Evolution of Thread Safety Mechanisms

The primary mechanism for ensuring thread safety in ConcurrentHashMap has undergone a significant architectural change between Java 7 and Java 8, improving performance and scalability.

Java 7 and Earlier: Segment-Based Locking

In Java 7 and earlier versions, ConcurrentHashMap achieved thread safety through a technique known as 'segment-based locking' or 'striped locking'. The map was logically divided into an array of Segments, where each Segment essentially acted as a reentrant lock (specifically, extending ReentrantLock) and protected a distinct portion of the underlying hash table. Each Segment contained its own hash table.
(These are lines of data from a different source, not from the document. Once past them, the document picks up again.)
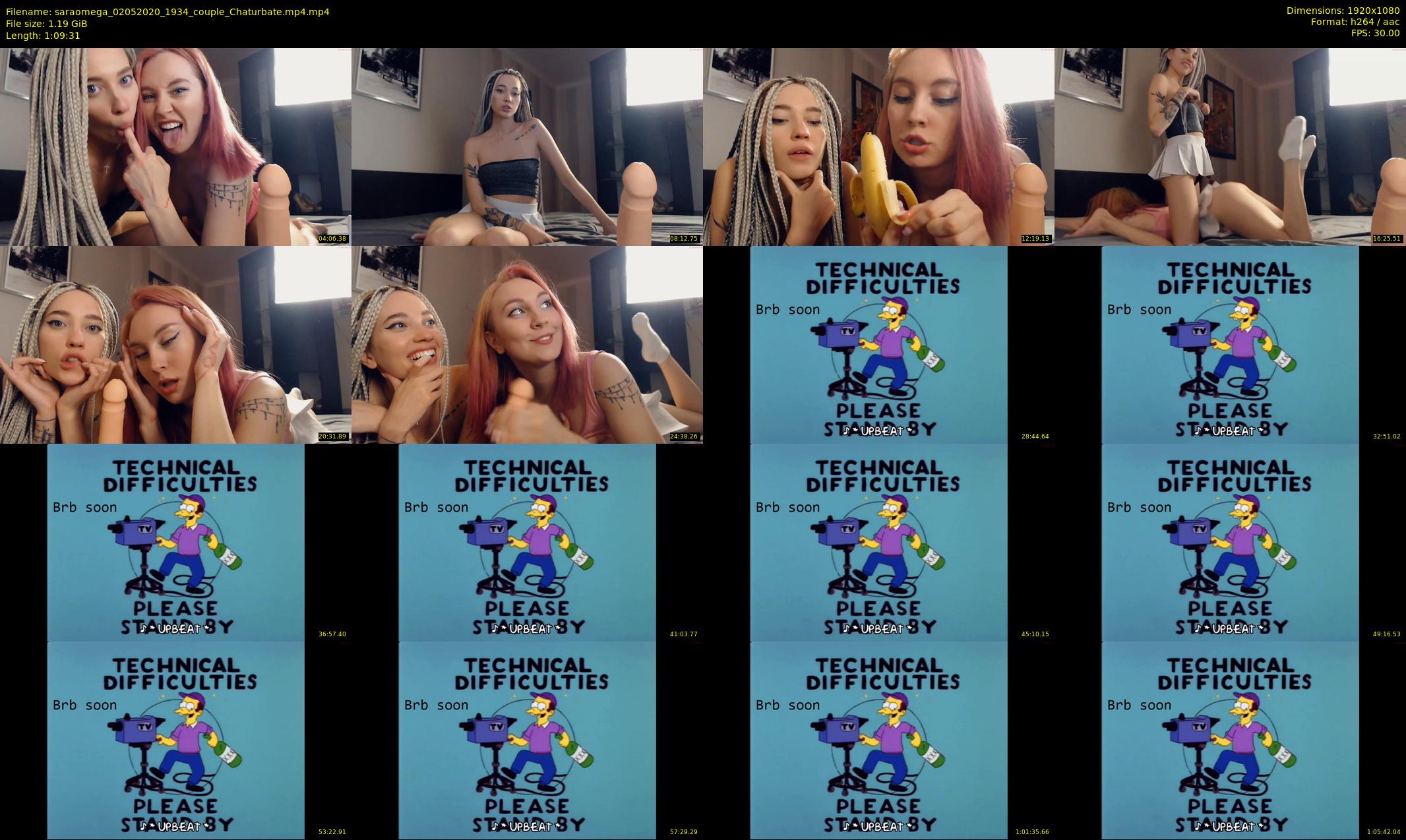 saraomega — 70 minute Chaturbate couple cam show recording, 1080p, May 2, 2020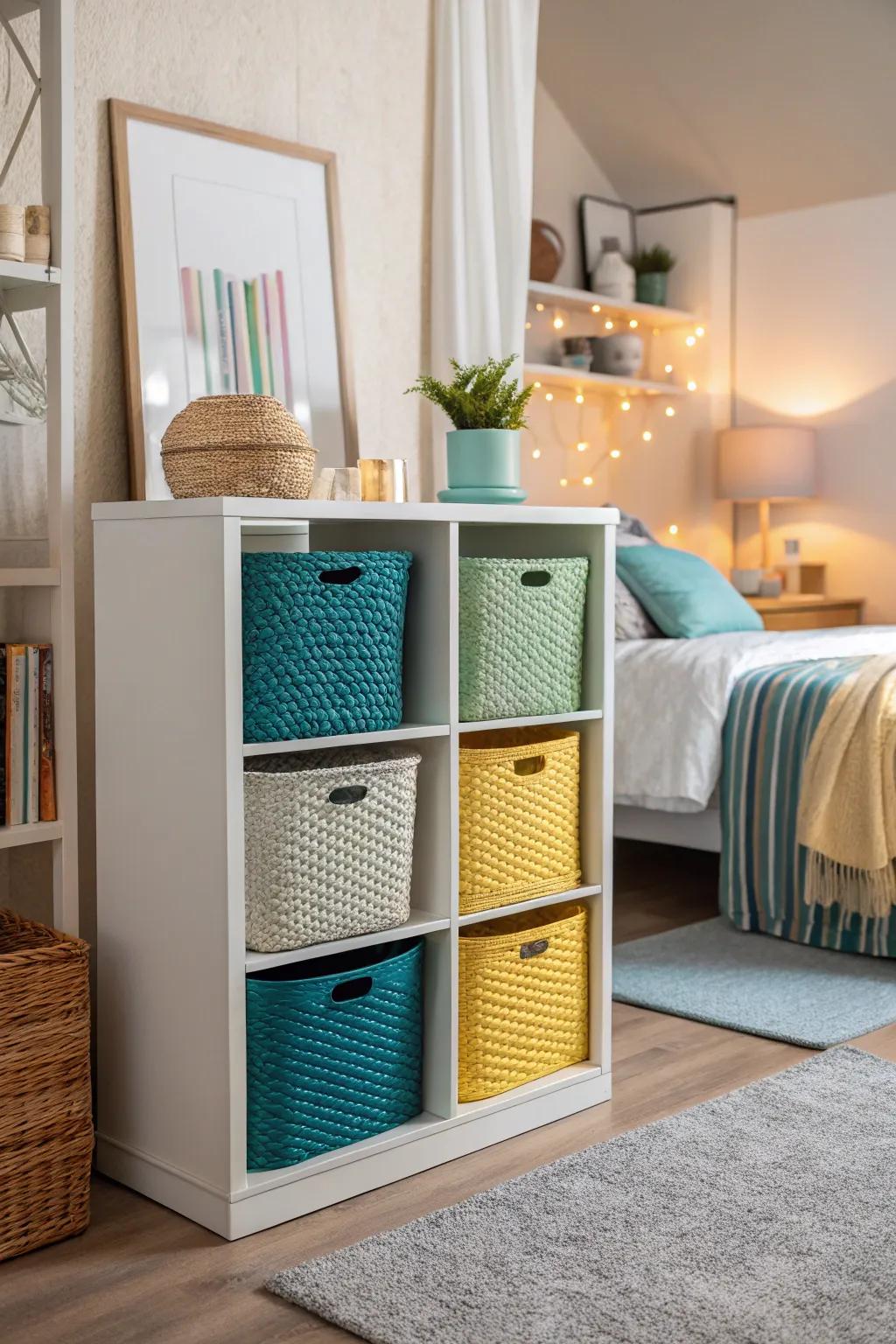 Add vibrancy to your storage with colorful baskets.
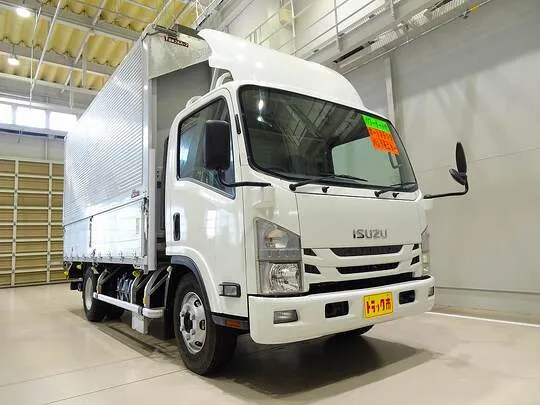 エルフ 3.65t 高床 ワイドロング アルミウイング フルゲート付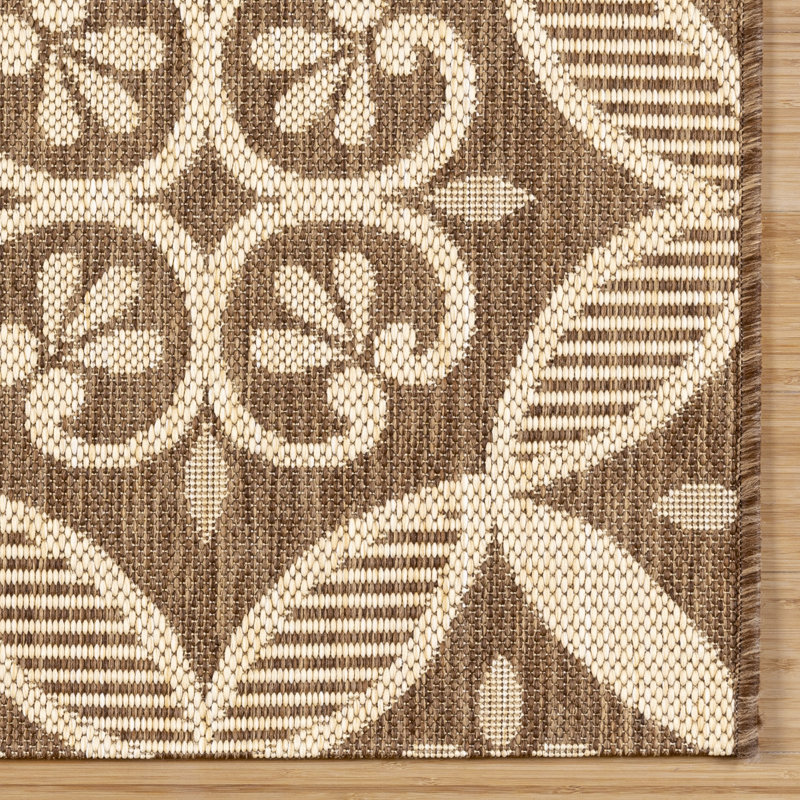 Solterra Greth Havana Brown/ Sand Bohmeian Tile Flatweave Polypropylene Indoor/ Outdoor Area Rug, Rectangle 8'9" x 13'1"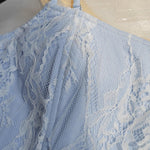 Blue White Floral Lace Overlay Square Neck Spaghetti Strap Cropped Cami Top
This design allowed multiple threads to perform write operations concurrently, as long as they were operating on different Segments. For example, if there were 16 segments, up to 16 threads could concurrently write to the map without blocking each other. Read operations generally did not acquire locks, leveraging volatile reads to ensure visibility of the most recent committed state.

Java 8 and Later: Node-Based Locking and CAS Operations

Java 8 introduced a major architectural redesign for ConcurrentHashMap, moving away from Segments to a more fine-grained locking mechanism combined with optimistic concurrency control (Compare-And-Swap - CAS operations). The map now uses an array of Nodes (similar to HashMap) as its main table structure.

  • Node-based Locking (synchronized on array elements): For put, remove, and replace operations, a synchronized block is used directly on the Node at the head of a particular bucket (the array index). This means contention only occurs when multiple threads try to modify elements within the *same* hash bucket. If different buckets are accessed, operations can proceed concurrently.
  • Volatile Fields: Key fields like the main table array and the size counter (baseCount) are declared as volatile. This ensures that changes made by one thread are immediately visible to others, eliminating the need for explicit locking for many read operations.
  • Compare-And-Swap (CAS) Operations: CAS operations are extensively used for non-blocking updates, especially for resizing and updating baseCount. For instance, when adding new elements or during resizing, CAS operations allow threads to attempt to update a value atomically without acquiring a lock. If the CAS fails (another thread changed the value), the operation can be retried or handled gracefully.

Optimized Read Operations

Read operations (get, containsKey) are highly optimized and generally do not require any explicit locking. They leverage volatile reads of the table and Node fields. This ensures that a thread always sees the latest state of the map as written by other threads, without incurring the overhead of lock acquisition. A 'stale' read of a value is unlikely because the volatile ensures visibility of the latest committed values, though the overall map state might be in flux during a concurrent write/resize operation.

Concurrent Resizing

Unlike HashMap where resizing is a blocking operation, ConcurrentHashMap supports concurrent resizing. When the map needs to grow, a new larger table is allocated. Threads that attempt to add elements may assist in migrating elements from the old table to the new one. This is managed using a forwardingNode placed in the old table's buckets, indicating that elements have been moved or are in the process of being moved to the new table. This mechanism allows reads and writes to continue while the map is being resized, minimizing downtime and improving overall throughput.